I'm Not One to Hold a Grudge

      Gentle Reader, I've grown sick and tired of these self-pity Facebook status updates. "Why can't I find a good man? So tired of assholes!" The reason for this is YOU don't like guys that treat you well. YOU prefer a guy that borrows 200 bucks, buys cocaine with it, sticks his cock in your ass, drops you off at home, and then sleeps with your best friend AFTER he does the coke with her.  This behavior can only be tolerated once. You can NEVER again speak to a man that treats you like this. If you do, it tells him that it's fine, your dumb-ass will take it, and you probably have a pretty strong jaw and can take a punch.

      If you continually make the same mistakes over and over again, you can't repeatedly tell yourself that it's just destiny or God's plan for you. Eventually, you need to accept responsibility for where you are in life, and make a change if needed. Jesus will never change the fact that you're a whore and that you think being able to suck a dick like it will pay the bills will eventually land you a good husband. It won't. Sucking a mean dick might keep the lights on for a couple months, but eventually he will move on. Guys may be stupid and fueled by sex, but trust me, we can spot a whore when we fuck one. You don't seriously think ALL the girls ask for it in their face?? If you are at least 30 years old or getting close, it's time to blame yourself. Stop waiting for "God" to save you. Get off your knees (double-meaning intended) and save yourself.

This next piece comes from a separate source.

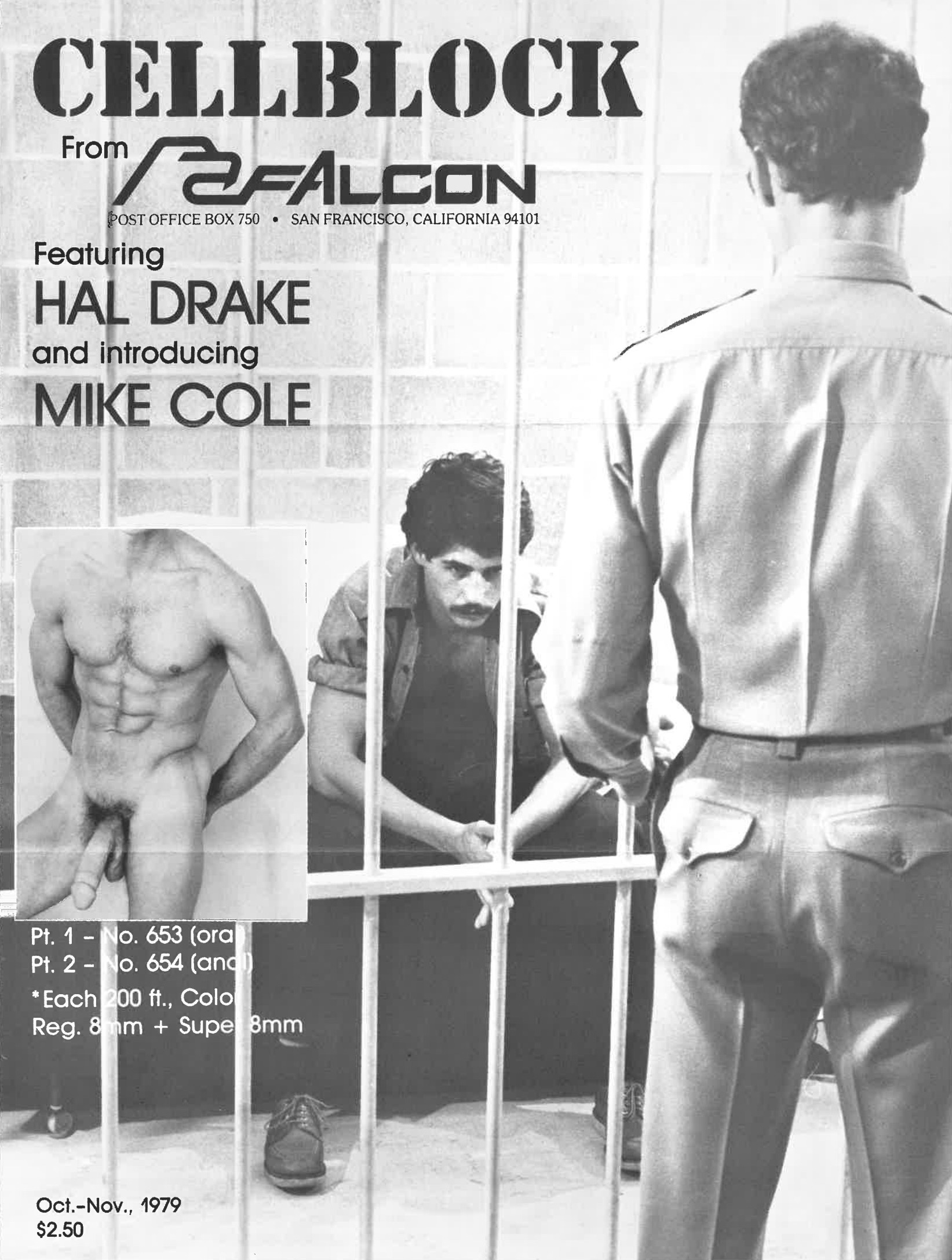 Een Falcon Studios-poster voor hun film Cellblock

      There are three things that I love more than anything else in this world. In no particular order, they are cold beer, friends and family, and a nice rack. God bless a woman with a sweet pair of fun bags. I do love me a good pair of titties, breasts, boobs, hooters, sweater puppies, ta-tas, tig ol' bitties, chesticles, juggs, lung warts, moon balloons, Bert & Ernies, blouse muffins, fun bubbles, button-busters, bouncing bettys, sheet draggers, milk wagons, or even two-bald-gentleman-trapped-in-a-top. My fascination with female breasts probably has something to do with the fact that I was breast-fed until the age of 11. Don't ask me why. Apparently, my mother either found me quite attractive or was really worried about my Vitamin D intake and the risk of early-onset-Osteoporosis. Thanks Mom. I might have severe emotional issues the rest of my life, but at least I can grudge-fuck a girl without worrying about breaking my hip.
      Speaking of "grudge-fucking," this is not an exact science, but it goes something like this. You love the hell out of someone, and then find out they have been cheating on you.  This is the perfect opportunity for a good grudge-fuck. Your mission in this situation is to inflict as much humiliation as you can. Some people would take the obvious path, and try to pull her hair, slap her around a bit, give her a "Russian Bobsled," and maybe try to stick it in her ass like it's your birthday and she ran out of gift ideas.
      These are all amateur moves at best. I always find the best way to walk away still feeling somewhat like a man is to act like you are having the hottest, most mind-blowing sex ever, and then pretend like you are about to bust a nut, and then, I just piss inside them......Now let's see who walks away with the most shame. I'm betting on you, semen-sampler. Yeah, you slept with my brother, but I just took a piss in your baby-maker. Dignity is going to be just a little out of reach for you for a while. So, to wrap it all up, the moral of this story is "Don't Fuck With The Captain!" And if no one ever reads this blog after this, I would not be surprised. Until next time, Gentle Reader.

Russian Bobsled - A sexual act where a man is engaging a woman doggy-style next to a flight of stairs, then pushes her down the stairs, and rides her the whole way down.